--- Extracted data entries ---
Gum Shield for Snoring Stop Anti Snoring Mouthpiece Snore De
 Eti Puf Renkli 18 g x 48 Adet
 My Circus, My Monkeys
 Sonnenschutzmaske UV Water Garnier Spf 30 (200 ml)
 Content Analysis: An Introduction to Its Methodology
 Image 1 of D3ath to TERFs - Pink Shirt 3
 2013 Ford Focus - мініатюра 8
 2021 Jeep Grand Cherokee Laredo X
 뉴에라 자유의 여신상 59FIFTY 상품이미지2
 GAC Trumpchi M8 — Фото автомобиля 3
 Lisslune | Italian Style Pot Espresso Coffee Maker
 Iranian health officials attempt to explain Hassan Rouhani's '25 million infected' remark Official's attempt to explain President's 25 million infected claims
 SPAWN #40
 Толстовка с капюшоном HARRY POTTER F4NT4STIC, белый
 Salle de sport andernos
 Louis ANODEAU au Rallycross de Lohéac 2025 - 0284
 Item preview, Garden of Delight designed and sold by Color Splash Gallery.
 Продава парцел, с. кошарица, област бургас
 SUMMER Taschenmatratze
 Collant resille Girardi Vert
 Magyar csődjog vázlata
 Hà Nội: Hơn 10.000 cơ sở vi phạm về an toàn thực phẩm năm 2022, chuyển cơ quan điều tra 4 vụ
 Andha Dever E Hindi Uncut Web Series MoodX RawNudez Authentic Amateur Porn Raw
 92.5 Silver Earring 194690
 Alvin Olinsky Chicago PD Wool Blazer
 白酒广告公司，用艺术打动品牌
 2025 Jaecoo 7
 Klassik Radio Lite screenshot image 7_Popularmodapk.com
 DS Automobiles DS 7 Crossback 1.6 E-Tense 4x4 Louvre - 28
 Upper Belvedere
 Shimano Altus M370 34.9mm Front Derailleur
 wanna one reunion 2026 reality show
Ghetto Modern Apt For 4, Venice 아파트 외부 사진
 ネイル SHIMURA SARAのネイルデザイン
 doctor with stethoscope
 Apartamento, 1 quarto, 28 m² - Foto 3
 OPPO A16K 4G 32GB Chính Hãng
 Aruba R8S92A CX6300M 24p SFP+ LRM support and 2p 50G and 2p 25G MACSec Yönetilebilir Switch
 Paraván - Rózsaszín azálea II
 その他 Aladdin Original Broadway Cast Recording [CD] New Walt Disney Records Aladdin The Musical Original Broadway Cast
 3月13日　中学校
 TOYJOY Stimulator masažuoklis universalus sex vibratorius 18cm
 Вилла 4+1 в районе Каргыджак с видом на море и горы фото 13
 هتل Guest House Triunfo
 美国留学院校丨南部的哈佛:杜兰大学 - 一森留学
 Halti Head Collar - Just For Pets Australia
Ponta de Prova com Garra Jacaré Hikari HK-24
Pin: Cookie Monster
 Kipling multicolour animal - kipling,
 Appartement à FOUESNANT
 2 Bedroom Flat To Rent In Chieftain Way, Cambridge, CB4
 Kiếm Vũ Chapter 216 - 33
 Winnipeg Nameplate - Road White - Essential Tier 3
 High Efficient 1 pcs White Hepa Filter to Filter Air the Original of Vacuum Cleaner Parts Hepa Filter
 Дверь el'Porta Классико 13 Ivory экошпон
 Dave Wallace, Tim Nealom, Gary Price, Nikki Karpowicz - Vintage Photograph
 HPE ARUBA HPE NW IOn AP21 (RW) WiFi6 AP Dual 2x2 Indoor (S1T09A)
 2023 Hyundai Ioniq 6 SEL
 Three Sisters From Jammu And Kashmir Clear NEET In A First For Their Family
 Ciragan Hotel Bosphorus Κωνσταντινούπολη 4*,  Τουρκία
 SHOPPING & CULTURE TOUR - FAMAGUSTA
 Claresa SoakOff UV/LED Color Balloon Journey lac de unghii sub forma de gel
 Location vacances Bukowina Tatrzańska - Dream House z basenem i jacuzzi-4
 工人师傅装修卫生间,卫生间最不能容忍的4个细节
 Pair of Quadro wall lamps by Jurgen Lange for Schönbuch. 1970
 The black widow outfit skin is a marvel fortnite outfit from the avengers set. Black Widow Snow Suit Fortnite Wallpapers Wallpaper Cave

--- How to complete this task ---
Restate word for word only the lines running from the beginning of the data to the line holding "Magyar csődjog vázlata", both included.

--- Expected answer ---
Gum Shield for Snoring Stop Anti Snoring Mouthpiece Snore De
 Eti Puf Renkli 18 g x 48 Adet
 My Circus, My Monkeys
 Sonnenschutzmaske UV Water Garnier Spf 30 (200 ml)
 Content Analysis: An Introduction to Its Methodology
 Image 1 of D3ath to TERFs - Pink Shirt 3
 2013 Ford Focus - мініатюра 8
 2021 Jeep Grand Cherokee Laredo X
 뉴에라 자유의 여신상 59FIFTY 상품이미지2
 GAC Trumpchi M8 — Фото автомобиля 3
 Lisslune | Italian Style Pot Espresso Coffee Maker
 Iranian health officials attempt to explain Hassan Rouhani's '25 million infected' remark Official's attempt to explain President's 25 million infected claims
 SPAWN #40
 Толстовка с капюшоном HARRY POTTER F4NT4STIC, белый
 Salle de sport andernos
 Louis ANODEAU au Rallycross de Lohéac 2025 - 0284
 Item preview, Garden of Delight designed and sold by Color Splash Gallery.
 Продава парцел, с. кошарица, област бургас
 SUMMER Taschenmatratze
 Collant resille Girardi Vert
 Magyar csődjog vázlata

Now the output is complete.